====== DATASET EXCERPTS ======
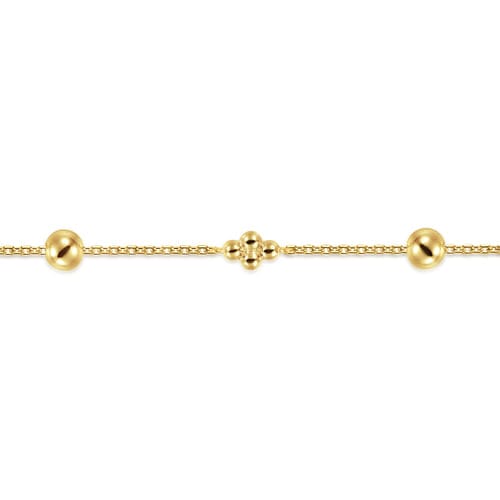 (S2220072) 14K YG Stationary Bead Bracelet Size 7 "Gabriel & Co"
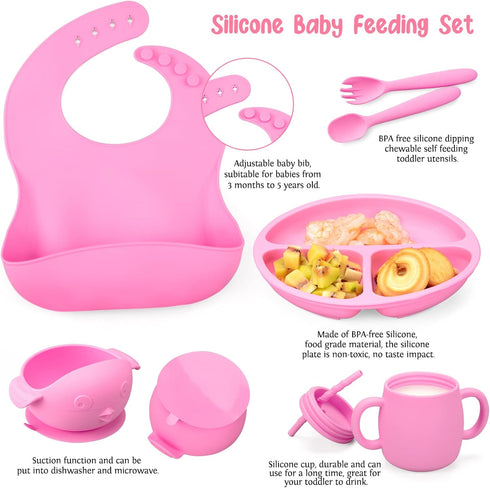 Baby Feeding Utensils Set, 7 Pcs Silicone Toddler Supplies - Adjustable Bibs, Suction Divided Plate, Placemat, Sippy Cup
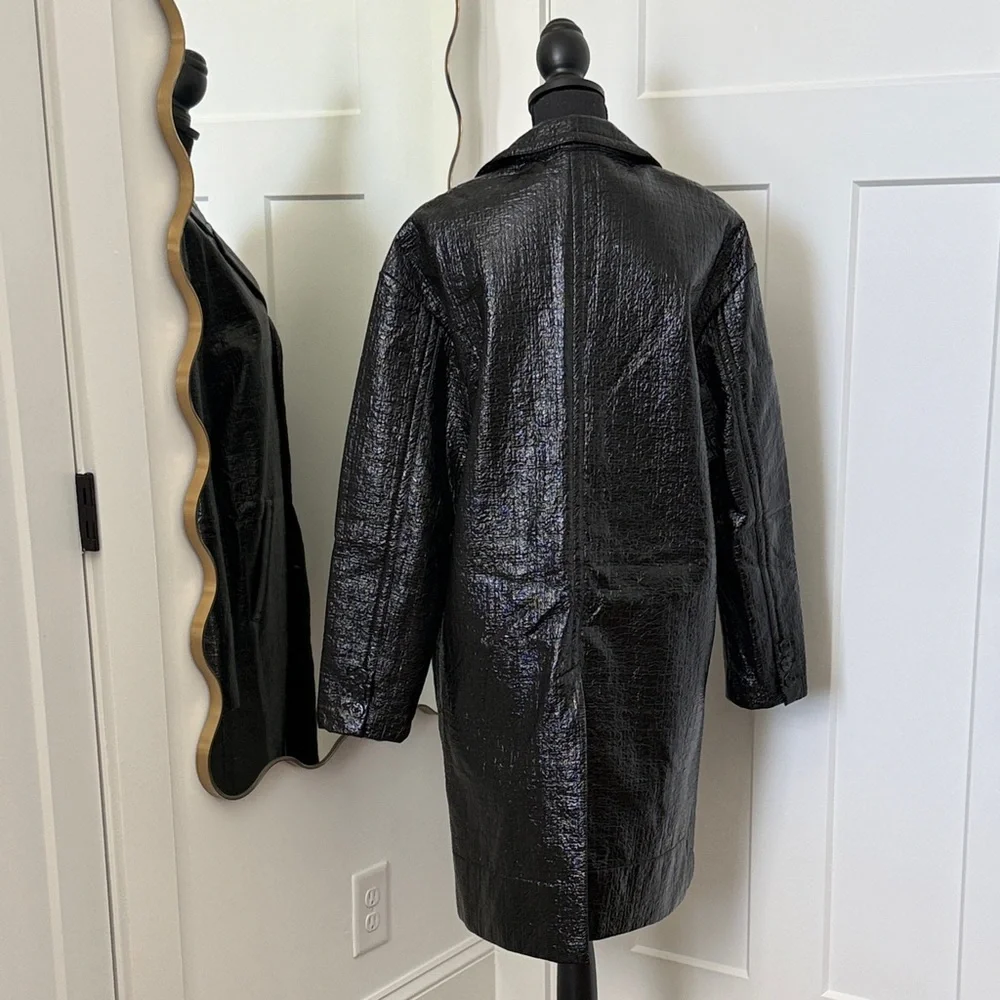 No. 21 Black Faux Leather Long Coat - Women's Jacket Sz 44 - US 8 - Picture 2 of 8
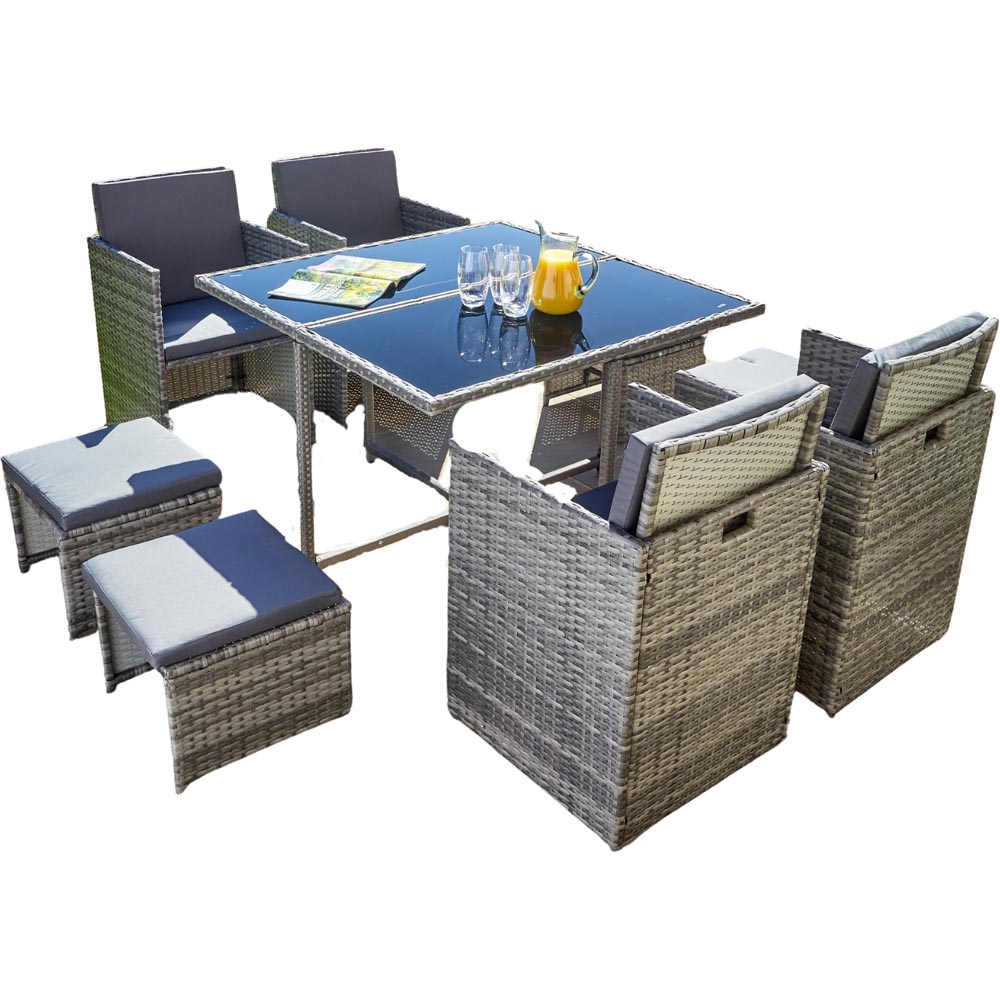 Home Source Pebble 6 Seater Rattan Outdoor Garden Patio Table Set Image 2
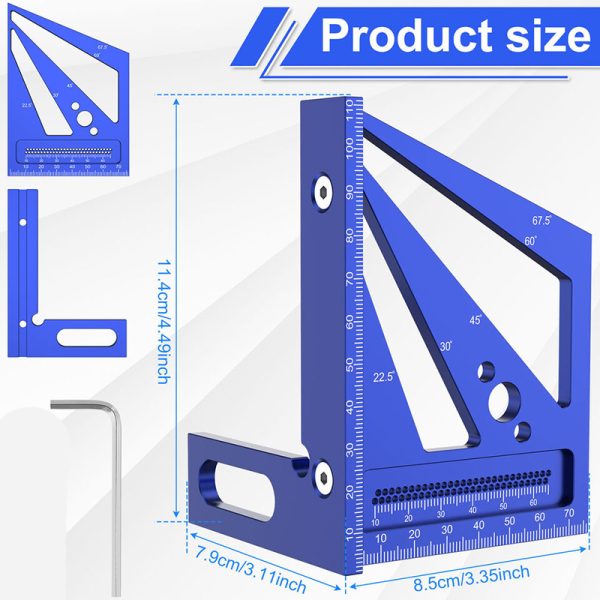 3D Multi Angle Measuring Ruler 22.5-90 Degree Metric Triangle Scribing Tool Woodworking Square Ruler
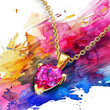 Delicate watercolor illustration of a birthstone pendant necklace, a perfect Mother's Day gift. Vibrant contrasting colors dance across the canvas in broad strokes.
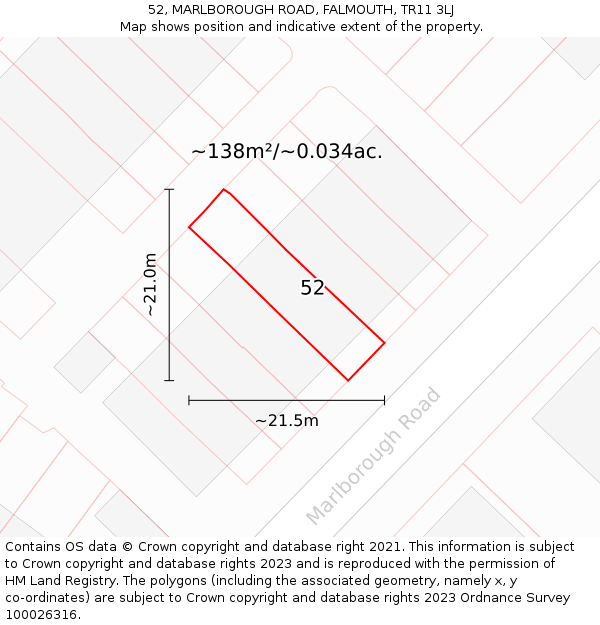 52, MARLBOROUGH ROAD, FALMOUTH, TR11 3LJ: Plot and title map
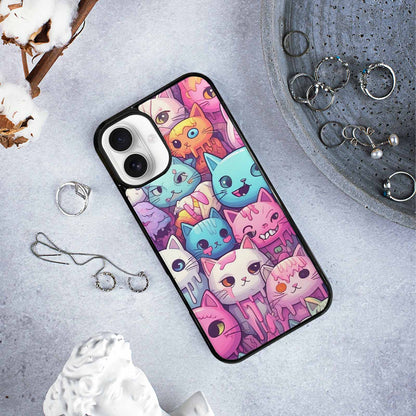 iPhone 16 Plus Case — Pastel Gore Cat Character Pattern Hundreds, Custom Art Phone Cover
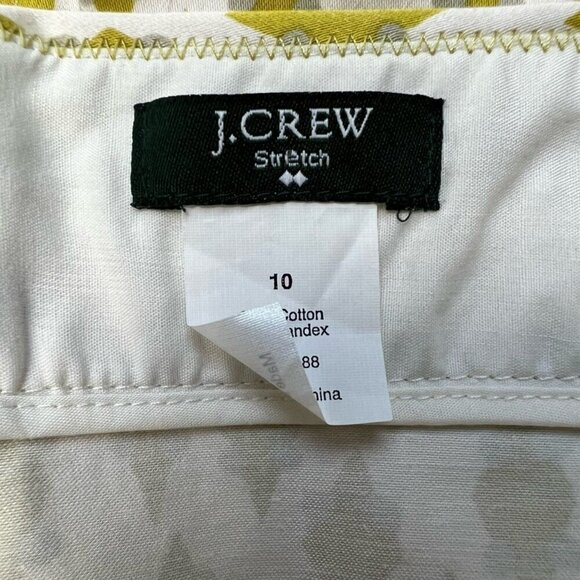 J.Crew Womens A Line Skirt Green White Diamond Above Knee Stretch Zip 10 - Picture 10 of 10
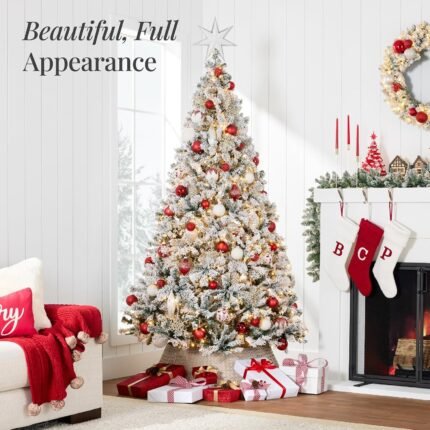 12 ft Deluxe Flocked Fir Tree – Deluxe Flocked Fir Artificial Christmas Tree
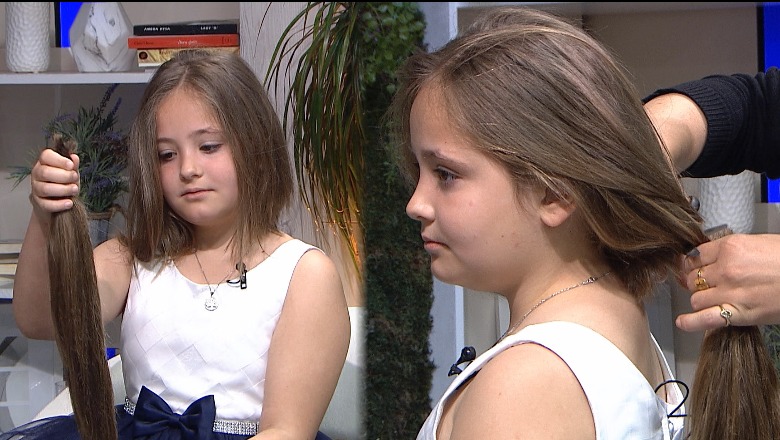 Vogëlushja 8-vjeçare bën gjestin fisnik në “Rreze Dielli”, pret dhe dhuron flokët  për fëmijët me kancer 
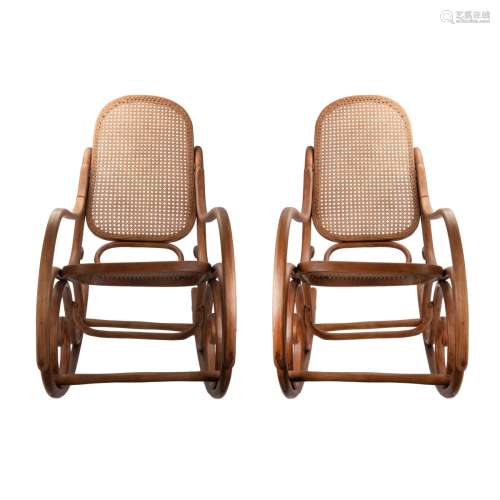 PAIR OF WHICKER ROCKING CHAIRS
======
| BRIEF |
Leave the pictures out and copy the rest of the data exactly.

| TASK ANSWER |
 (S2220072) 14K YG Stationary Bead Bracelet Size 7 "Gabriel & Co"
 Baby Feeding Utensils Set, 7 Pcs Silicone Toddler Supplies - Adjustable Bibs, Suction Divided Plate, Placemat, Sippy Cup
 No. 21 Black Faux Leather Long Coat - Women's Jacket Sz 44 - US 8 - Picture 2 of 8
 Home Source Pebble 6 Seater Rattan Outdoor Garden Patio Table Set Image 2
 3D Multi Angle Measuring Ruler 22.5-90 Degree Metric Triangle Scribing Tool Woodworking Square Ruler
 Delicate watercolor illustration of a birthstone pendant necklace, a perfect Mother's Day gift. Vibrant contrasting colors dance across the canvas in broad strokes.
 52, MARLBOROUGH ROAD, FALMOUTH, TR11 3LJ: Plot and title map
 iPhone 16 Plus Case — Pastel Gore Cat Character Pattern Hundreds, Custom Art Phone Cover
 J.Crew Womens A Line Skirt Green White Diamond Above Knee Stretch Zip 10 - Picture 10 of 10
 12 ft Deluxe Flocked Fir Tree – Deluxe Flocked Fir Artificial Christmas Tree
 Vogëlushja 8-vjeçare bën gjestin fisnik në “Rreze Dielli”, pret dhe dhuron flokët  për fëmijët me kancer 
 PAIR OF WHICKER ROCKING CHAIRS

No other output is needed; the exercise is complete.